As for the estate tax, I’m not an expert on it, but my understanding is that the estate is sold off, and the assets treated as capital gains on the estate. So if a house cost $1 million, and it was bequeathed to a child and was valued at 1.2 million at that time, the estate would be taxed a capital gain of $200,000. Capital gains for individuals are taxed at half the individual’s marginal tax rate. So the total tax on the 1.2 million dollar home would be 29% of $100,000, or $29,000. Of course, if the estate had a bunch of capital losses in it (say, a rich uncle dies this year, and his stock portfolio is worth $10 million but was purchased for $11 million), then the beneficiaries would get the $10 million and there would be no tax whatsoever. But as I said, I’m not a tax expert so there may be some nuances in there that I don’t know about.

This is an eminently sane way of dealing with estates, because it doesn’t insert any bias due to taxation. If I let my estate accrue until I die, the tax implications are no different than if I liquidated it before I die. The same is not true in the U.S., where an estate tax may cause people to modify their retirement or investment behavior to avoid the tax. And again, Canada’s system is less progressive - in the U.S., no one pays an estate tax unless they are quite wealthy, when suddenly a large tax kicks in.

As for middle class couples in the U.S. paying less in taxes - that’s what I said. The U.S. tax system has many tax advantages for married couples and people whose mortgages are a big part of their expenses and income. So you’ve got a big donut hole - the poorest pay a reasonable percentage of tax on their income because the FICA taxes predominate, and the rich pay a fairly high percentage in taxes as well. But the middle class is getting off with a very light tax burden, and they make up the bulk of the population. The result is that your tax revenue is down, the tax burden on the rich and on small corporations is high, and the largest corporations don’t pay much in tax at all because they’ve managed to lobby for so many loopholes. It’s really screwed up. The people who really take it on the chin the most is the entrepreneurial class - small and medium sized businesses and owners who aren’t large enough to take advantage of the tax advantages the big corporations get, so they are stuck with one of the highest corporate tax rates in the world. And the successful entrepreneur who may have a million dollar income gets hit with highly progressive taxes and again, doesn’t fall into the ultra-rich category where he can shelter his income from tax.

Those are the people who create 70% of the jobs in America, and they’re the ones getting hammered by all the new regulations, proposed tax increases, and the Obama health care plan. And you wonder why you can’t create jobs.

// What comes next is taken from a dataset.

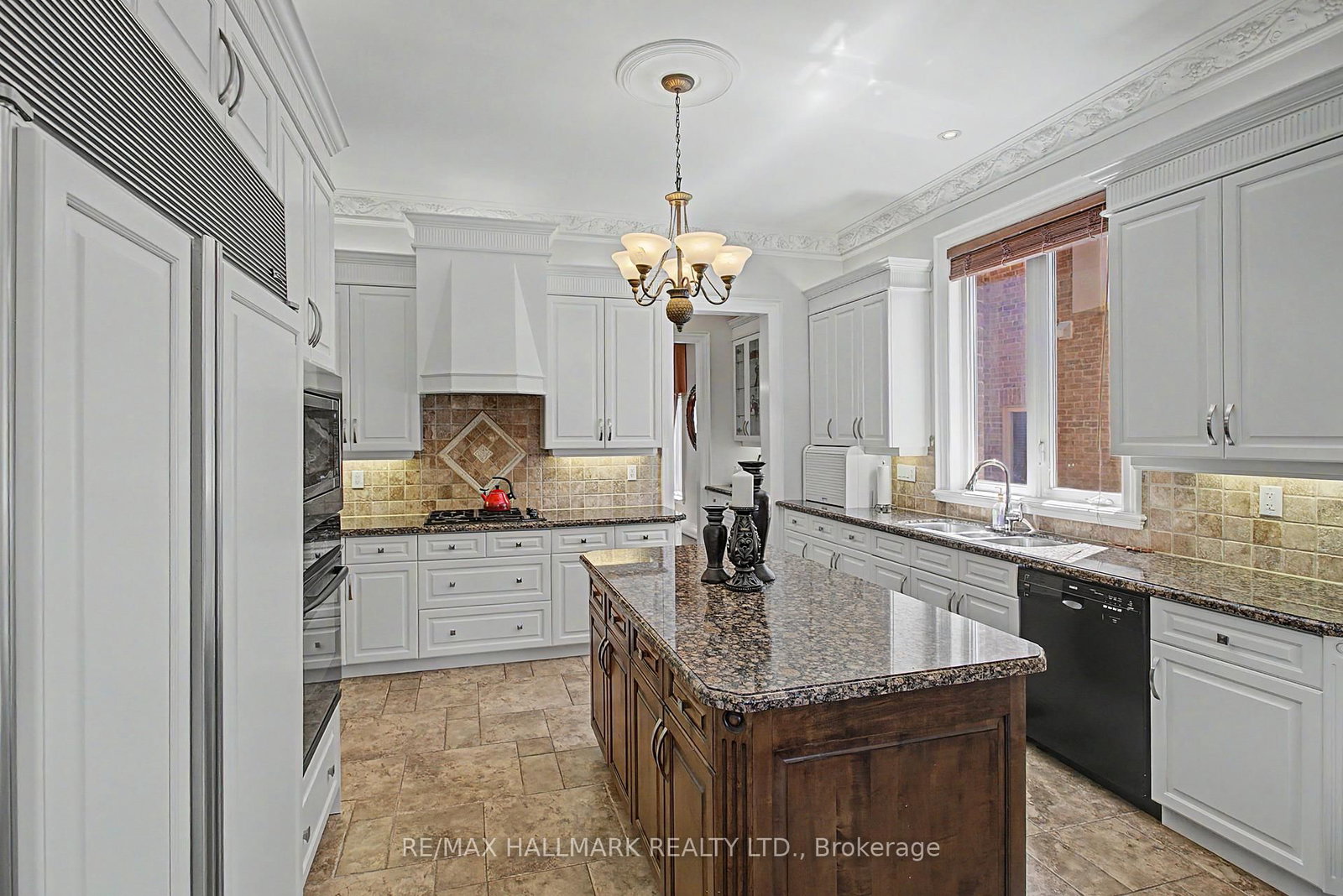 102 Duncan Road • Richmond Hill, ON photo 18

The left’s answer to this is to tax the rich even more and try to tax corporations even more. And that brings me back to my point - if you keep raising taxes on the richest people and your most productive enterprises, you might just find that they move north where our tax system is more sane. Then all those middle class people with the low tax burden will suddenly find themselves stuck with a 14 trillion dollar bill, and massive tax increases just to close the deficit.

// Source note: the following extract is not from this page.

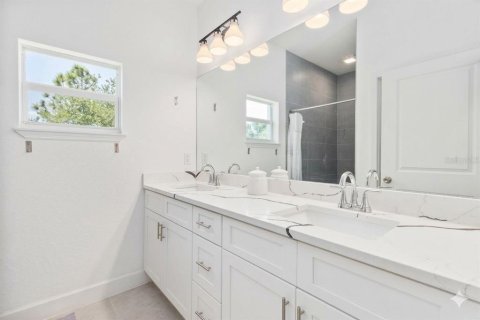 House in Port Charlotte, Florida 3 bedrooms, 155.89 sq.m. № 2166042 - photo 16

Alberta makes a fair chunk of coin from our energy resources, but as a ‘have’ province we also give a lot of that money to the rest of Canada. In comparison, Quebec gets more money in transfer payments from the rest of Canada than Alberta makes from oil minus the money we sent to Quebec, yet Quebec’s big government, high tax economy is always struggling.

Did you know that the U.S. government spends more per person on health care than does the Canadian government? And we’re not that much more ‘socialist’ than you in this regard: Canada’s health care system is about 70% publicly financed, whereas the U.S. is about 50%. I think when Obama’s health care plan comes fully into effect, you’ll be spending about as much as us in terms of government percentage of overall costs, but your government will be spending a LOT more than ours does per capita, because you spend more on health care overall than we do.

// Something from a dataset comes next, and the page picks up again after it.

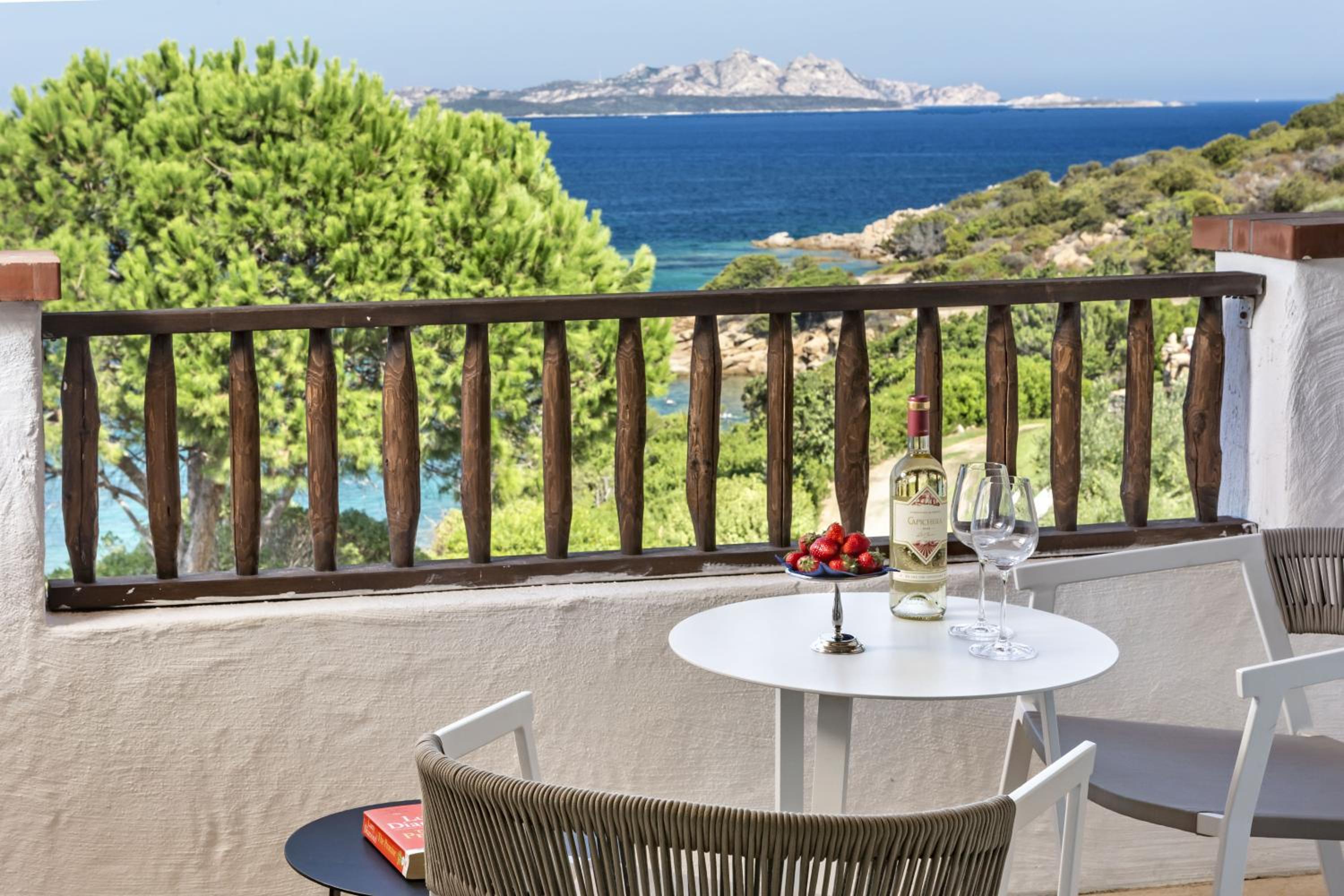 Deluxe Double Room with Balcony and Sea View - Photo 3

Interesting data. I see those two studies are being republished all over the internet right now, and they seem to have some good data. I want to do a wider literature search and see if I can find any opposing studies, and read these more carefully to see the assumptions they are making or whether there are actually confounding variables (i.e. do the higher tax states use the money to provide perks to the rich?).

The other possibility is that the effect doesn’t exist when the difference between the highest and lowest taxed states isn’t that great in terms of top marginal rate, or perhaps because the wealthy can find ways to shelter their income from state taxes anyway.

But you also mentioned that the people tend to go where the jobs are, and that could be another factor. Do lower-taxed states create more jobs? Do they create more millionaires because of business growth? It’s a complex issue.

But for now, I’ll take your studies as the last word and say that the evidence right now is that the current differences between tax rates of the states is not causing significant migration of the wealthy.

There are some papers I found that showed that retired people would move based on tax rates for their investments and also because of estate tax rates. You can find the studies in the references of both the above papers. That does seem to have a correlation.

Regarding the rate issue, the “millionaire’s” tax that was the focus of one of those papers was a very large increase. Something like +2.6% for income over 1 million, and it did not have a noticeable affect on migration of those in that bracket.

Regarding you last questions, I read another study a year ago or so that I have not been able to find again regarding TABOR in Colorado (the taxpayers bill of rights). Basically, it showed that lowering and limiting taxes in Colorado was correlated with business and income growth, but only for a few years. After a 3-5 year period where business growth in CO outpaced the rest of the country by several percent, the growth dropped below the national average for over a decade. The researches posited that this was because Colorado schools (48th in the country with regards to funding) and other infrastructure (our roads bite!) was not attractive to businesses and thus we were losing out… I really wish I could find that study again, it was fascinating…

Anyway, I do agree that it is a complicated system.

You’re actually off base here for several reasons:

  1. The super-wealthy do not have to take advantage of any “loop holes” they just have to structure their compensation so that the lion’s share of their income is in the form of capital gains. That’s essentially the norm for anyone who has made it to the upper levels of a large Fortune 500 company, they make a $100-300k salary and their total compensation is $2-3m. (I won’t include the major brokerages like Goldman Sachs who have off the chart compensation even for non-executives.)

  2. The non-wealthy entrepreneurs who might be running a small business are probably not wealthy enough to easily immigrate to Canada. You are expected to be able to make a C$800,000 investment to take advantage of the investor/entrepreneur clause in Canadian immigration. I can tell you because I am someone who is part owner in a small business you can easily be “asset rich” and have no realistic means of getting a $800,000 stack of bills in cash (actually $823k US dollars.) Additionally, most small businesses are reliant on knowledge of their local market for success. I can tell you for a fact not knowing anything about the zoning laws, not knowing the procedures of local building commissions, not knowing anyone on town councils (do Canadians even have those) not having local banking connections..I would not even know how to begin to operate my business in a Canadian town.

  3. Corporations may locate some facilities in Canada, but in all honesty I find it unlikely there is to be a “mass exodus” of major American corporations to Canada. Corporations would be more prone to off-shore some things to the developing world.

Yeah, I think renationalizing somewhere else is the point behind all the arguments behind welath fleeing America for other places.

This argument is pretty stupid for people eaening active income.

There are very few ibanking jobs, for example, where the banker can say “I’m sick of paying US taxes, I’m going to move to a tax haven and take my job with me” If the banker wants to leave, they will be leaving their job behind and more often than not, they will not be successful trying to start a business in the Caymans versus somewhere in the USA.